我同他們談了一陣火車上的事,以及他們的日常生活工作等。

總算到了烏龍潭。我曾聽人說黃龍潭、烏龍潭都是徒有其名,看了烏龍潭才知道此言不假。本來以為有個瀑布,結果隻看到一股溪流奔騰在亂石中的景象。這樣一來,當他們說不要再去看黃龍潭的時候,我也就答應了。

回到上麵,不見了她,我們各各吃了一驚。他們兩個分頭去找,而我在三寶樹下等著。

一刻鍾功夫,他們找回了她,原來她不知到哪兒換衣服去了。我們商量了一陣下一步的行動,她不想再玩了,準備回旅館休息。而他們卻想先修照相機,然後上“龍首崖”。看來我們得分手了。

無論如何我們都得一起先走到廬陵大橋,然後從那裏分道。

我們一起走到廬陵大橋後,她對我說:“我想下午就下山,你呢?”

我本來想在廬山上呆一個星期的,可現在看看該玩的地方不多了,況且也沒有太大的意思,就對她說:“我想明天下午下山。
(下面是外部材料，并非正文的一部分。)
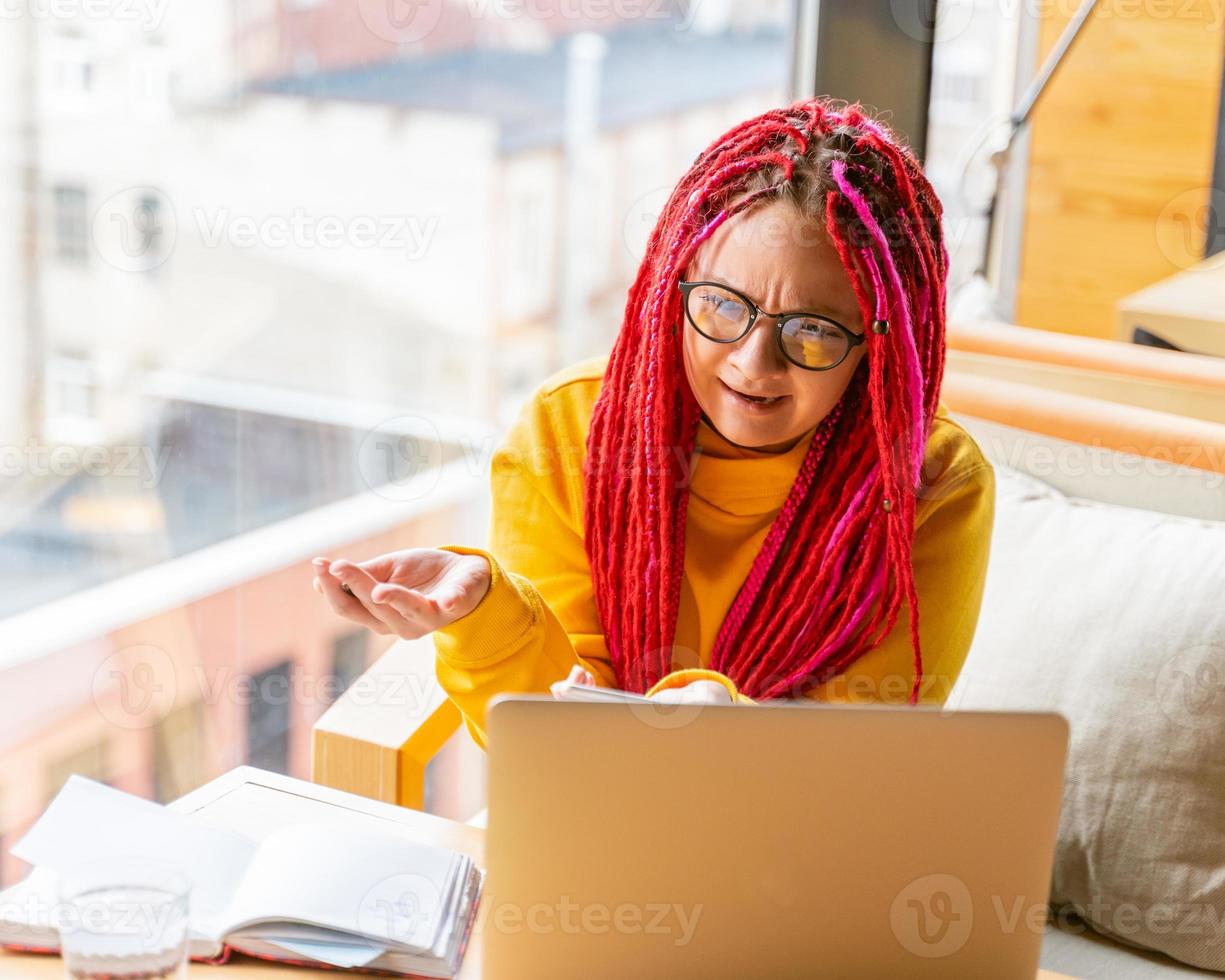 digital nomad koncept. flicka frilansare på distans arbetar på laptop i café, coworking. foto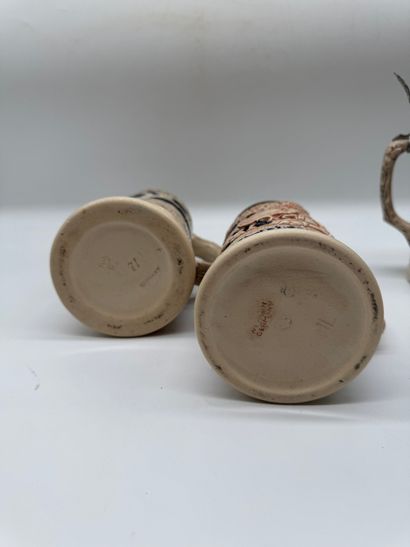 Lot de chopes à bière allemandes en grès,...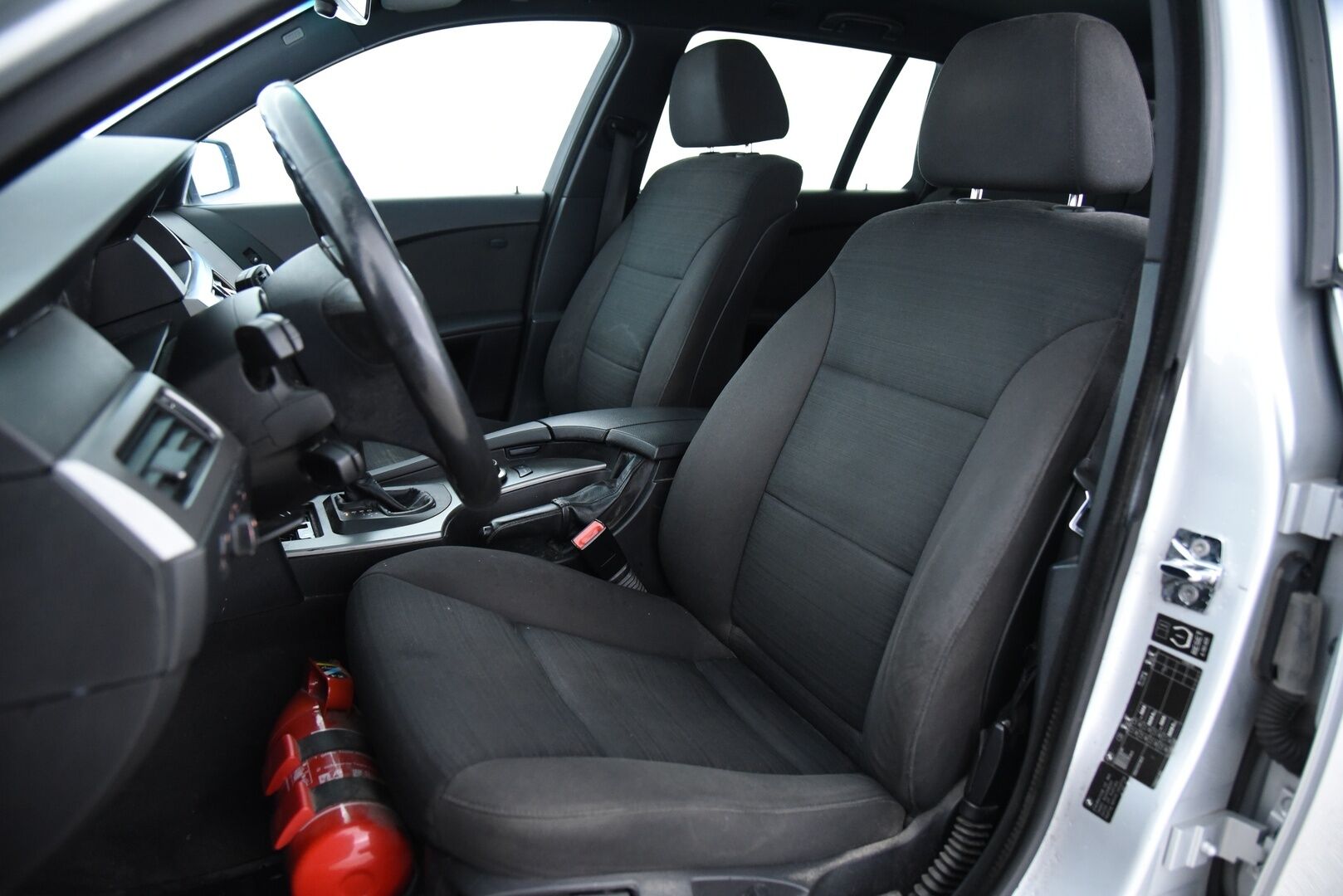 BMW 530 2007 E61 Touring / Webasto / Koukku / Xenon / Prof. Navi / Vakkari - Myydään huutokaupat.comissa!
”

昨晚在廬山長途汽車站上,我看到去銅陵的船票很難買,而我早在船上時就打定主意,下廬山後乘船去銅陵,然後上黃山。這時我靈機一動,對她說:“你今天下山後替我買張去銅陵的四等艙船票,我明天下午來取,船是七點二十五分開,時間來得及。你還住在原先那個旅館裏等我來找你好嗎?”

她很爽快地答應了,然後與我握手作別。因為明天又能見麵了,我並不感到有什麽難舍難分。

在握手的時候,我仔細地看了一眼她的臉。在這一刹那,我覺得她有點蒼老,臉上竟現出了幾條淡淡的皺紋。我不知道這是不是我的錯覺,但願我隻是眼花了一下。一直到我們在九江輪船碼頭真正分手,我都沒能再次證實一下,因為那時我覺得這既不重要、也不說明什麽問題。